One way to buttress your middle section is to shift the stakes. “It helps to create a plot point roughly halfway through your manuscript that you can aim toward,” Melville says. “Often referred to as the midpoint, I call this point the Stake Shift, because while the fundamental story question doesn’t change, the intensity and our understanding of the story (not necessarily the characters’ understanding) changes.” As an example, Melville cites the dramatic shift at the end of The Empire Strikes Back, when Darth Vader reveals that he is Luke Skywalker’s father. While this happens at the end of one film, it also occurs just past the halfway point in the trilogy and creates personal stakes for Luke, even as the larger goal of defeating the Empire remains unchanged.
Melville advises planning this shift early in the story, so that you can work toward and from it. What can these shifts look like?
- Remove key players.
- Set up a seemingly insurmountable roadblock.
- Reveal the terrible consequences of the main character’s previous choices.
Melville offers two tips to help you find the best turning point:
- Provide new vital information. “Introducing new information is a great way to keep your story on track while changing up the trajectory,” she says. “Shatter your character’s expectations of how their future will go. Don’t knock them out of the sky yet, but kick up the turbulence.” The information can be external or something about the protagonist that the protagonist didn’t know about herself.
- Make the protagonist self-reflect. “Creating an inescapable moment of reflection will ramp up your story’s momentum. Does your protagonist like what they see?” Melville writes. “Are they increasingly hopeless or hopeful about their future?
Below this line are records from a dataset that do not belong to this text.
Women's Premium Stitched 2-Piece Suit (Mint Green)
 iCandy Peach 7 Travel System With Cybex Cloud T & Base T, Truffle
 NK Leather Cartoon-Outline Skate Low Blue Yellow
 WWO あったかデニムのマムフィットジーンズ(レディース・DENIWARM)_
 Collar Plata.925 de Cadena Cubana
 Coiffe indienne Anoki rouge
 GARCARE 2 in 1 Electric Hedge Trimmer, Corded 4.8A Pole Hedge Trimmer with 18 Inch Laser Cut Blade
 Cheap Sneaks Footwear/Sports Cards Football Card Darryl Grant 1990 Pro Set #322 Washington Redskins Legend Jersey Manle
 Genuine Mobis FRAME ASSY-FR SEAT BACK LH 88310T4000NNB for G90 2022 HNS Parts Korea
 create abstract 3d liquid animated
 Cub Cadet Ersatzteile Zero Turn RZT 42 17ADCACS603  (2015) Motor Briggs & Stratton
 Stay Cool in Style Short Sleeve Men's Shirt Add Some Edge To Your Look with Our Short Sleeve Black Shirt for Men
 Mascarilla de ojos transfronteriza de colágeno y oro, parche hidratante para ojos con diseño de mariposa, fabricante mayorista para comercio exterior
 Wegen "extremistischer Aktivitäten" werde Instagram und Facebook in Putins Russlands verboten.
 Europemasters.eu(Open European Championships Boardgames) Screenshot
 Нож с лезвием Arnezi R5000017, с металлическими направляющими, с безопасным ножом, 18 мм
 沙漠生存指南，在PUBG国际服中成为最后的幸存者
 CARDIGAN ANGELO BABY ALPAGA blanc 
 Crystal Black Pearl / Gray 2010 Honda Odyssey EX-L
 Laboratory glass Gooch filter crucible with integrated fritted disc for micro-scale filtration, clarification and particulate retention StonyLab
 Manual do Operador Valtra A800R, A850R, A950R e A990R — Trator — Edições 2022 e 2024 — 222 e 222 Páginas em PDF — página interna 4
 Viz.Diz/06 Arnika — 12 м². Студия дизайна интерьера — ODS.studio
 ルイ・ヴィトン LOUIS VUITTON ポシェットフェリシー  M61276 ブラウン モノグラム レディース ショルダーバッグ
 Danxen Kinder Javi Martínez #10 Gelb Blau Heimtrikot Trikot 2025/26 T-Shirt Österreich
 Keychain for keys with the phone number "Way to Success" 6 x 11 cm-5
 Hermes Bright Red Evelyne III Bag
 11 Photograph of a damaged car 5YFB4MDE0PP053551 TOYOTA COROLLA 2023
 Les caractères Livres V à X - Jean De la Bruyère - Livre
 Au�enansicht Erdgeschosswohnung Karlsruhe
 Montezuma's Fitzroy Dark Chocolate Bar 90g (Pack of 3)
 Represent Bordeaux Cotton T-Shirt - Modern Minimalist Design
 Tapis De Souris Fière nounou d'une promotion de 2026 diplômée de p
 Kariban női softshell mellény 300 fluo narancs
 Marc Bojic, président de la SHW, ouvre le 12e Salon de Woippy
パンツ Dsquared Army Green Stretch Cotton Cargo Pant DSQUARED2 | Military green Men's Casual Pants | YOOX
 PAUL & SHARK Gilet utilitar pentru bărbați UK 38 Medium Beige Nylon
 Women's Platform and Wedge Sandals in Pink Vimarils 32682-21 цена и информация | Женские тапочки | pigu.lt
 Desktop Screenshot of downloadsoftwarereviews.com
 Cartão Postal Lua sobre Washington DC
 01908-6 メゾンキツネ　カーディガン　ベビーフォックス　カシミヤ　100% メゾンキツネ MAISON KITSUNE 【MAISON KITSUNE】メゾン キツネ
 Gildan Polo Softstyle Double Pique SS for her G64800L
And most importantly, what will they do about it?” If your character hasn’t begun to change before now, this is the time to shake them up.
Melville also offers this caveat. “Don’t change the scope of your story so much that it’s unrecognizable,” she says. “It’s possible that a carefully planned twist can backfire on you, so foreshadow it enough that your readers can follow along, or not feel too disbelieving.”